- _RECORD EXCERPTS_

=====

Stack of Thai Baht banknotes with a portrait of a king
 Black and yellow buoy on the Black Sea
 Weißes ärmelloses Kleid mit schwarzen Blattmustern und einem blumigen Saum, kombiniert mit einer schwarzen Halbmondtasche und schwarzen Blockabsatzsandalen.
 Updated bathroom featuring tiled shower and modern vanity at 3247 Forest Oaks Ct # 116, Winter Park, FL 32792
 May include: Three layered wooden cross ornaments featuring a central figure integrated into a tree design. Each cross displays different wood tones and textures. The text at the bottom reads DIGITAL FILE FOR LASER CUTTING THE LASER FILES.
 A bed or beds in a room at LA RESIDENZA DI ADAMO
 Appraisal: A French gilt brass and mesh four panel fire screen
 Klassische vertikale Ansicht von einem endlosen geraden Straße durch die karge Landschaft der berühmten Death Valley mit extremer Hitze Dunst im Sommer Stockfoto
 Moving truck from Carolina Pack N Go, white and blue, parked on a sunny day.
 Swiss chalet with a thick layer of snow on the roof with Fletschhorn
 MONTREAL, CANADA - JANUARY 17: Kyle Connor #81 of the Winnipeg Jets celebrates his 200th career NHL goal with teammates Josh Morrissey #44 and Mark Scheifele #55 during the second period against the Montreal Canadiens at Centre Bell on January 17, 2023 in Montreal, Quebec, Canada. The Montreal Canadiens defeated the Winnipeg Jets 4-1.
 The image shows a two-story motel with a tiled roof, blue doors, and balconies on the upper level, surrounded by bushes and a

=====

- _TASK GOAL_
How many lines in these entries contain the string "roof"? State the number and nothing more.

- _RESULT FOR THIS TASK_
2